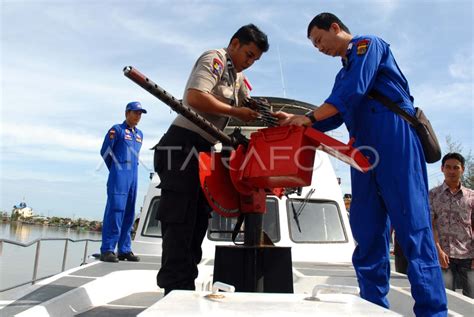 Tingkatkan Patroli Laut Antara Foto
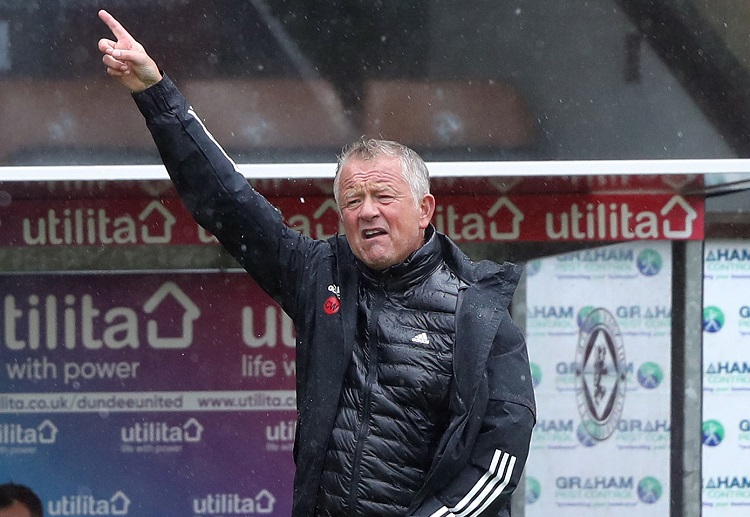 Some believed Chris Wilder’s Premier League success story comes as no surprise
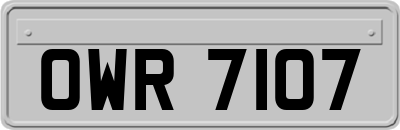 OWR7107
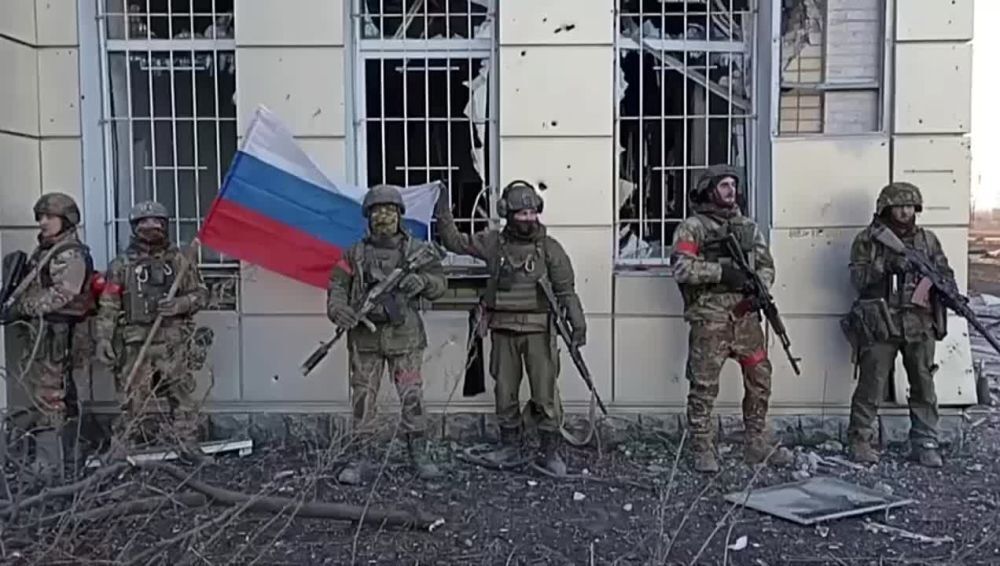 Падение Авдеевки. Россия целиком и полностью вернула стратегическую инициативу на всем фронте.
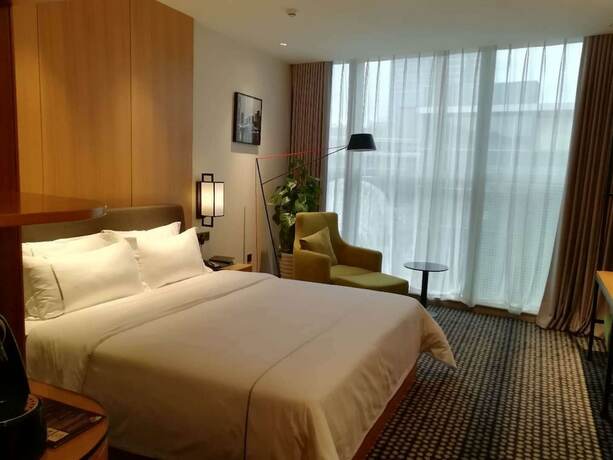Imagen de la habitación del Hotel Grand View, Shenzhen. Foto 14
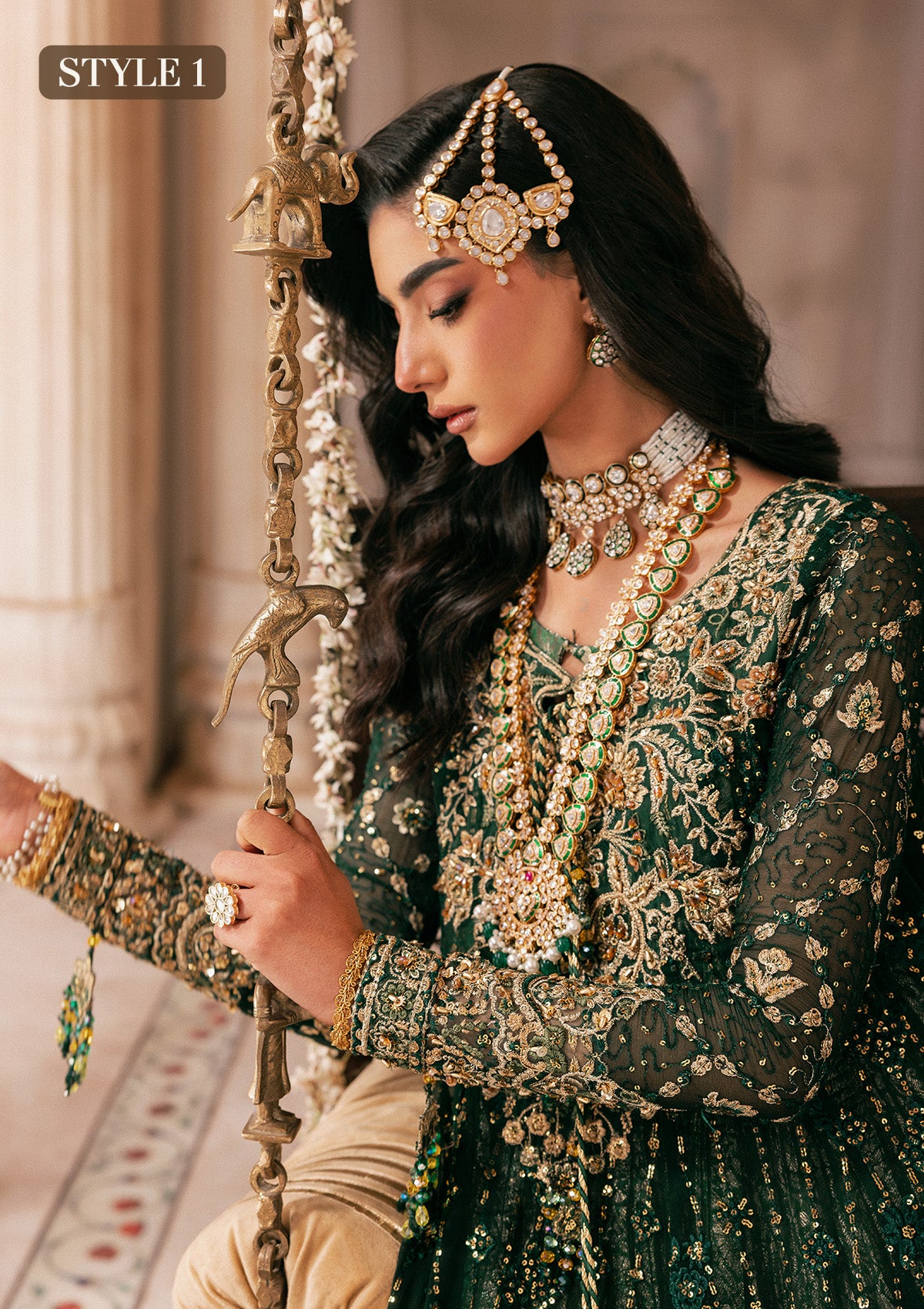 WEDDING FESTIVE ’26 VOL. 1 - LOOK 04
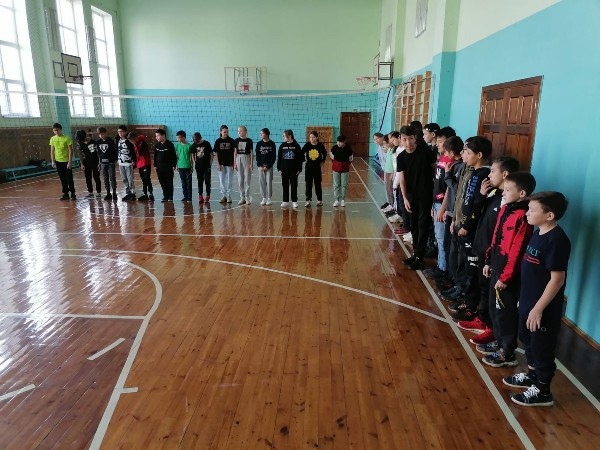В башкирской гимназии провели День здоровья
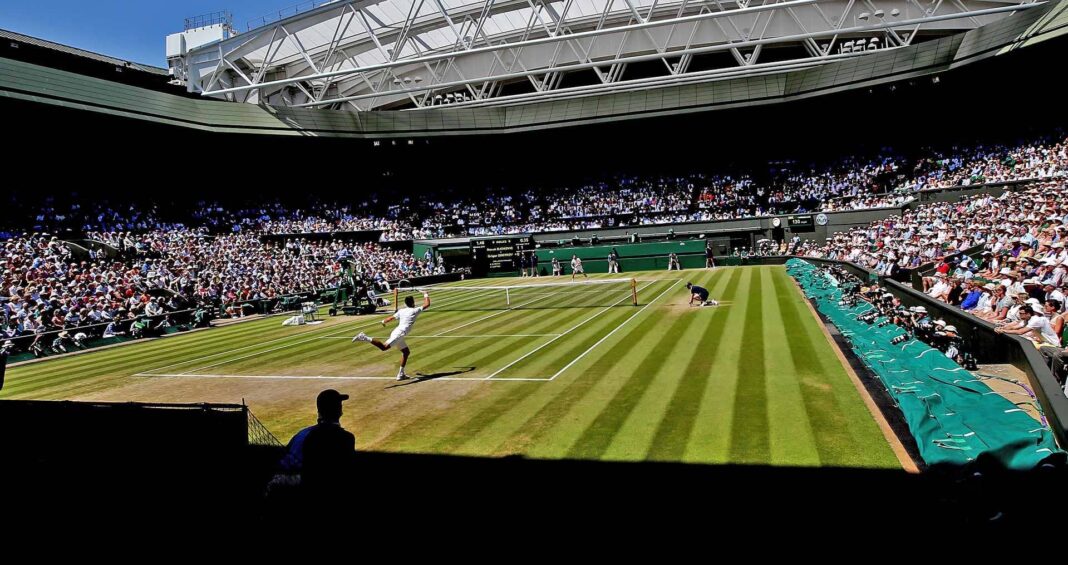 Perché Wimbledon è chiamato anche SW19?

*What the exercise asks*
Starting with the line that holds "Imagen de la", transcribe exactly each line through the last one of the material above, and nothing else. Do not include pictures.

*Response for this exercise*
Imagen de la habitación del Hotel Grand View, Shenzhen. Foto 14
 WEDDING FESTIVE ’26 VOL. 1 - LOOK 04
В башкирской гимназии провели День здоровья
 Perché Wimbledon è chiamato anche SW19?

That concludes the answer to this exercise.